The Australian Manufacturing Workers Union (AMWU) told GoAuto that plans to sack 10 employees there have been put on hold due to increased orders.

Ford-appointed receivers McGrathNicol said the redundancies were made at CMI’s Ballarat site, which makes metal clips and fasteners, and its West Footscray metal forging facility.

McGrathNicol’s decision to lay off workers during the administration period, before the company is liquidated, has proved controversial as it can delay Government Employee Entitlements and Redundancy Scheme (GEERS) payments to workers.

At worst, the move could render sacked employees ineligible for the payments if CMI is not eventually liquidated.

A creditors meeting was held this morning, with AMWU representatives and members of CMI staff among the attendees.

Matt Byrnes from administrator Grant Thornton told the ABC that CMI is expected to go into liquidation around May 30 and that a more detailed report will go to creditors in coming weeks.

McGrathNicol receiver Keith Crawford said sacked workers “will be able to make claims through GEERS, if and when the company is put into liquidation”.

AMWU assistant state secretary Leigh Deihm said the union has called on minister for employment and workplace relations Bill Shorten to release the GEERS payments early due to the unusual circumstances as the process could otherwise take up to six months, with potentially serious implications for sacked workers.

“These employees don’t have big bank accounts and obviously cannot afford to be in work one day and out of work the next with no money going along with them,” Mr Deihm told GoAuto.

A spokesman for Mr Shorten said the minister has been in contact with CMI and his office “definitely has been working to bring forward the GEERS payments”.

However, a question remains over what happens to the sacked workers if CMI is not liquidated, which would result in them being ineligible for GEERS.

GoAuto understands the affected workers have received no other form of redundancy payout.

CMI’s slip into receivership happened after the landlord of its Campbellfield site changed the locks over unpaid rent, leaving workers unable to enter for a week while negotiations to release the keys took place.

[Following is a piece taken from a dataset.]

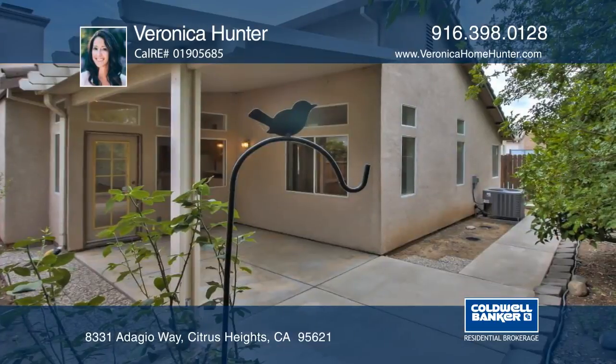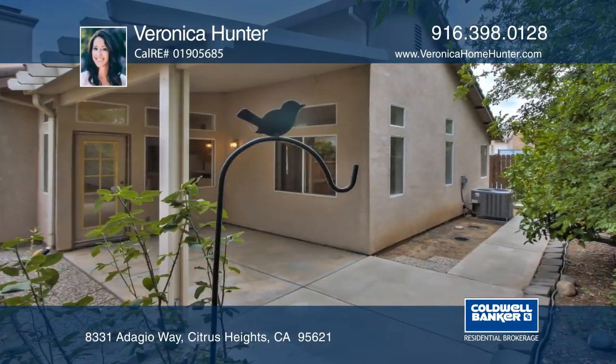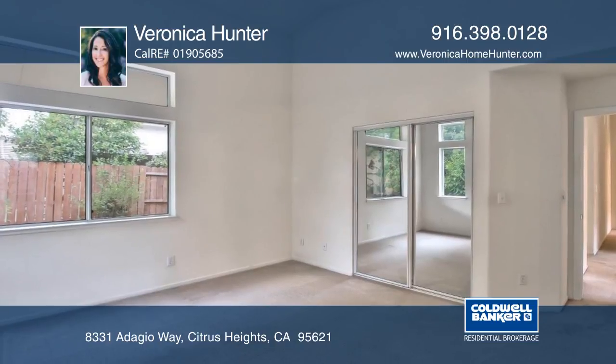The home offers three bedrooms and two baths, as well as a den. The master bedroom features a walk-in closet with an expansive bathroom.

Ford, which relies on CMI for components needed to build the Falcon and Territory, ran out of parts last Thursday night, forcing it to stop production on Friday and Tuesday, with 1800 workers temporarily stood down and potential knock-on effects for other suppliers who also had to pause or slow production at short notice.

Mr Deihm said the union usually calls on the administrators to put companies into liquidation as soon as practically possible in order to enact the GEERS payment.